The group, backed by ex-Overstock CEO Patrick Byrne, will handle background checks and non-disclosure agreements for audit workers, the Arizona Republic reported Saturday based on an email it obtained.
The audit was authorized and funded in part by Arizona’s Republican-controlled state Senate, but in practice is being led by contractors fueled by private donations.
Byrne, part of a chorus of Trump dead-enders who claim the former president’s second term was stolen, has been promoting the fundraiser for Arizona’s audit for weeks. He established the group, The America Project, which is behind FundTheAudit.com, the site linked in the email reported by the Republic.

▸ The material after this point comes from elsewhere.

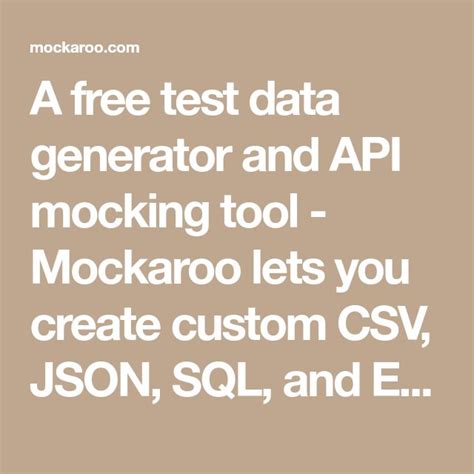 mockaroo api generator.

According to that email, the audit is also requiring that workers be registered Maricopa County voters who participated in the 2020 election, though it’s unclear if these are new requirements, the Republic noted.
Despite substantial fundraising for the audit by Byrne and others — the ex-CEO has personally committed $1 million to the audit effort, the report noted — the email emphasized the need for volunteers, not paid workers.
Ballot counting in the audit was set to resume Monday after the process took a week off for a string of high school graduations that had been previously scheduled in the audit venue, Veteran’s Memorial Coliseum at the Arizona State Fairgrounds.
Maricopa County officials have grown increasingly vocal in their opposition to the audit, which has moved slowly and elicited concerns from observers that it will lead to an inaccurate count.
On Friday, the Republican chair of the county’s board of supervisors, Jack Sellers, instructed the Republican-controlled state Senate to preserve documents for a potential lawsuit.
The audit’s Twitter account had earlier accused the Senate of “spoliation of evidence!” over audit leaders’ accusation that the county deleted a file directory in the cache of information handed over for the review. Within days, though, auditors said they had recovered the directory they claimed was missing.